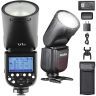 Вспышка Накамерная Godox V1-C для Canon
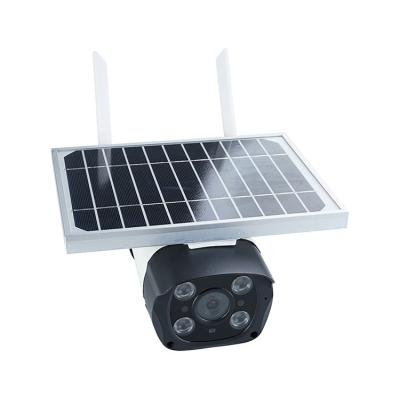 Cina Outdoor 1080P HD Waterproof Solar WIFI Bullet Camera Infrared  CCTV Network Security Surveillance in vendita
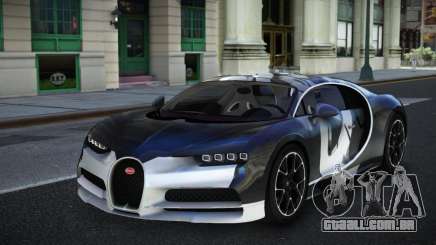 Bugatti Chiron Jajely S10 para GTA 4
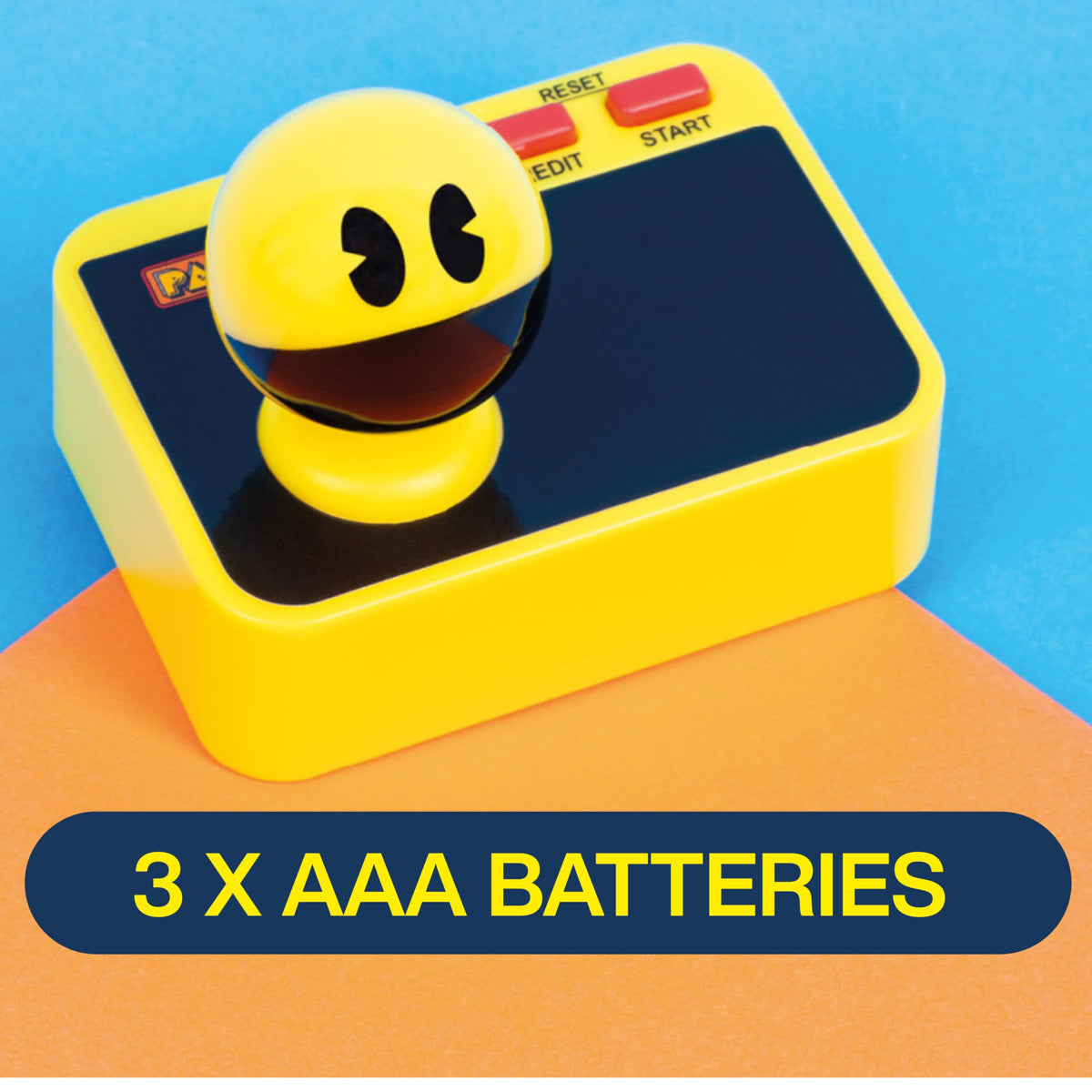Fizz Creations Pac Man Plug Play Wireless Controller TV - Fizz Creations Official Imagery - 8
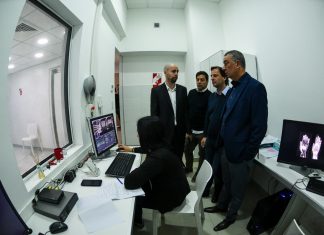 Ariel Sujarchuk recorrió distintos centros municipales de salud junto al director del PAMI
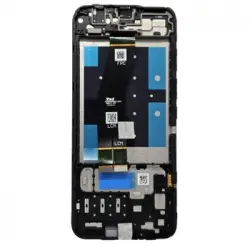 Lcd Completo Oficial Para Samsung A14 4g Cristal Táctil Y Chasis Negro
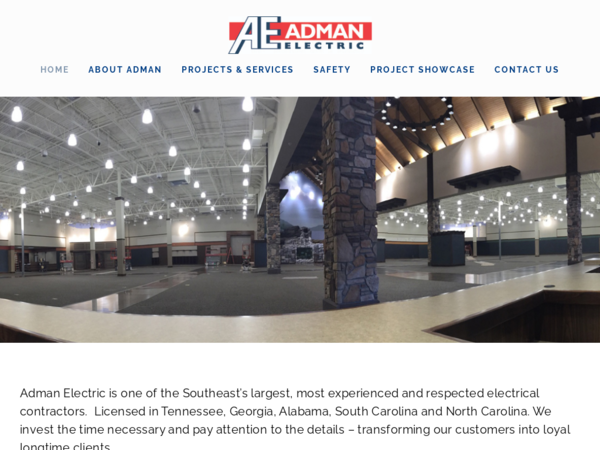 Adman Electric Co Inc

·····

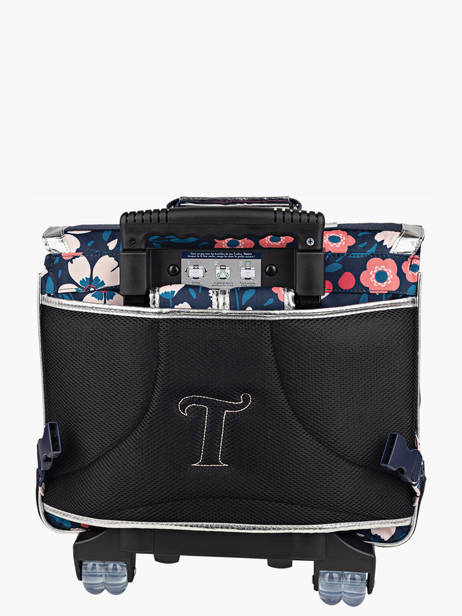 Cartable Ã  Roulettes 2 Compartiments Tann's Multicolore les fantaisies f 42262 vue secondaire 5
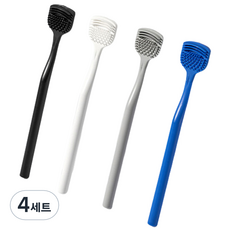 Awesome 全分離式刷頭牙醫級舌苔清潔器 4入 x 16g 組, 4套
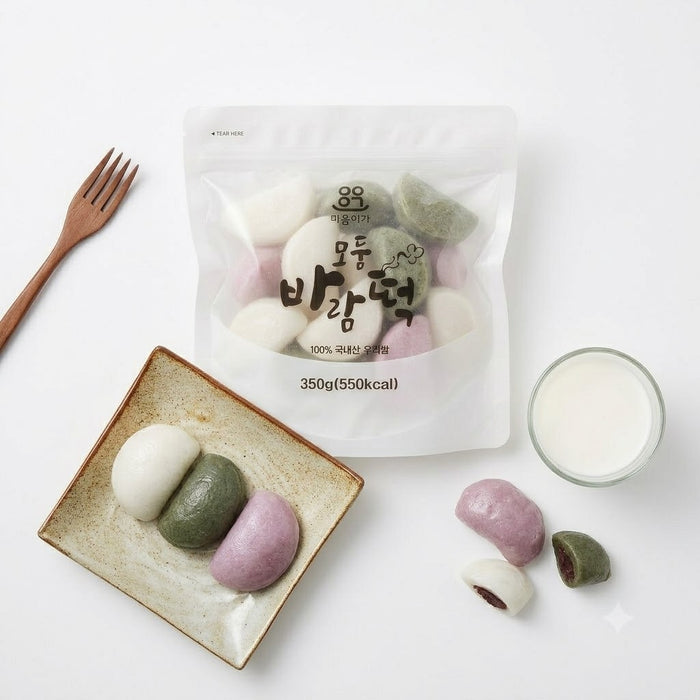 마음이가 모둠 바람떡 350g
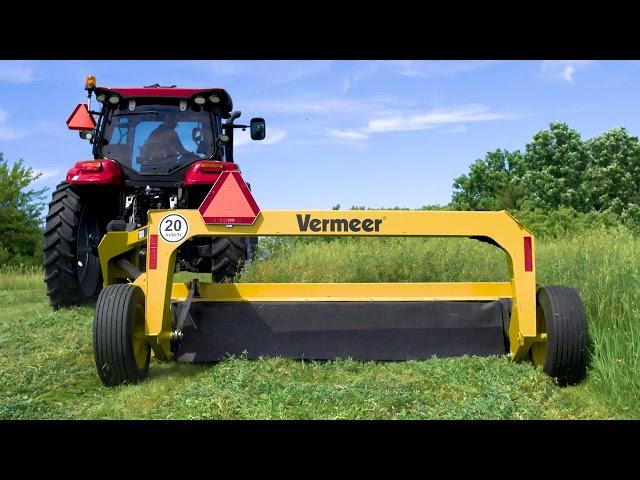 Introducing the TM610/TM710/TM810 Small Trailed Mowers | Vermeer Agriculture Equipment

·····

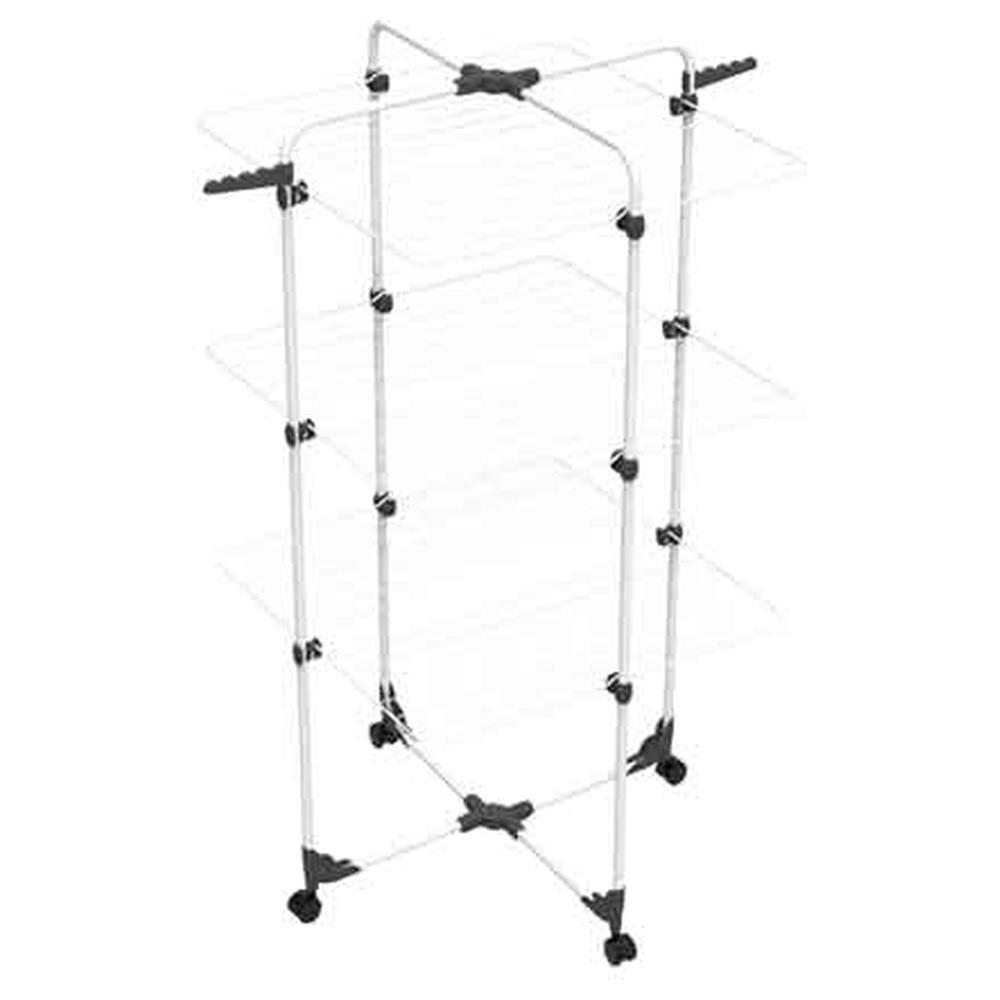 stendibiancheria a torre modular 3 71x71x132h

·····

DIRECTIONS FOR THIS TASK | Print, exactly and with no pictures, the lines of the listing above starting at the one that has "Awesome 全分離式刷頭牙醫級舌苔清潔器 4入 x 16g 組, 4套" and ending at the one that has "Introducing the TM610/TM710/TM810", both included.

SOLUTION FOR THIS TASK |
 Awesome 全分離式刷頭牙醫級舌苔清潔器 4入 x 16g 組, 4套
 마음이가 모둠 바람떡 350g
 Introducing the TM610/TM710/TM810 Small Trailed Mowers | Vermeer Agriculture Equipment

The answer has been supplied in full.